Below, we will create a Seq2Seq network that uses Transformer. The network
consists of three parts. First part is the embedding layer. This layer converts tensor of input indices
into corresponding tensor of input embeddings. These embedding are further augmented with positional
encodings to provide position information of input tokens to the model.

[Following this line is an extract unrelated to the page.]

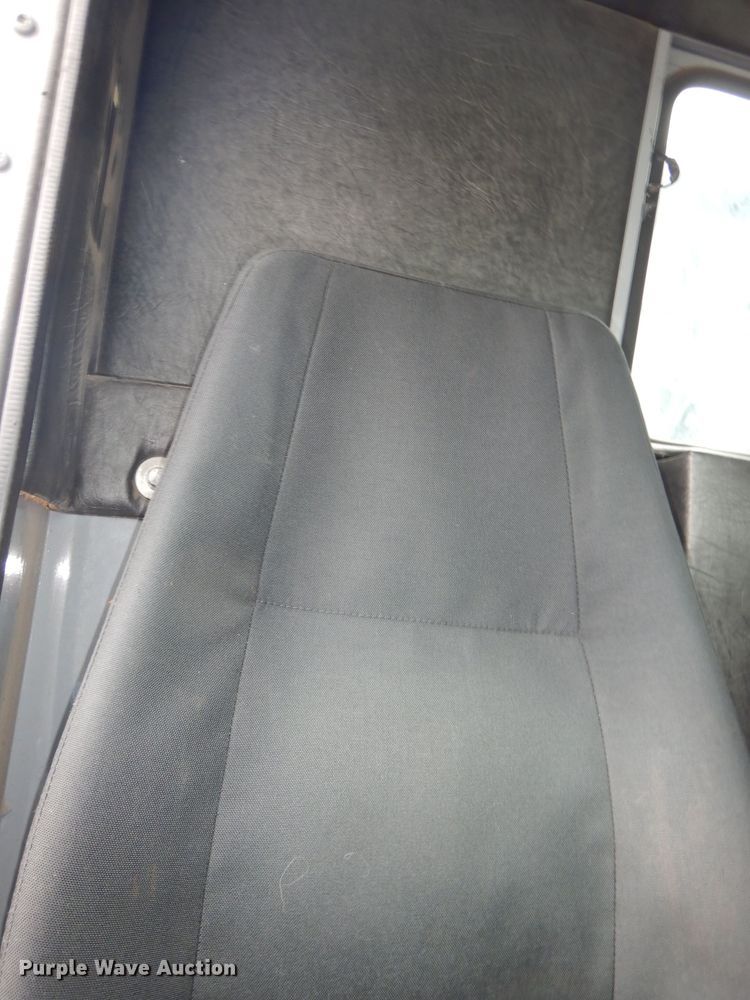 image for item DI6526 2013 Mack LE600  refuse truck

The second part is the
actual [Transformer](https://pytorch.org/docs/stable/generated/torch.nn.Transformer.html)_ model.
Finally, the output of the Transformer model is passed through linear layer
that gives unnormalized probabilities for each token in the target language.




In [4]:
from torch import Tensor
import torch
import torch.nn as nn
from torch.nn import Transformer
import math
DEVICE = torch.device('cuda' if torch.cuda.is_available() else 'cpu')

# helper Module that adds positional encoding to the token embedding to introduce a notion of word order.
class PositionalEncoding(nn.Module):
    def __init__(self,
                 emb_size: int,
                 dropout: float,
                 maxlen: int = 5000):
        super(PositionalEncoding, self).__init__()
        den = torch.exp(- torch.arange(0, emb_size, 2)* math.log(10000) / emb_size)
        pos = torch.arange(0, maxlen).reshape(maxlen, 1)
        pos_embedding = torch.zeros((maxlen, emb_size))
        pos_embedding[:, 0::2] = torch.sin(pos * den)
        pos_embedding[:, 1::2] = torch.cos(pos * den)
        pos_embedding = pos_embedding.unsqueeze(-2)

        self.dropout = nn.Dropout(dropout)
        self.register_buffer('pos_embedding', pos_embedding)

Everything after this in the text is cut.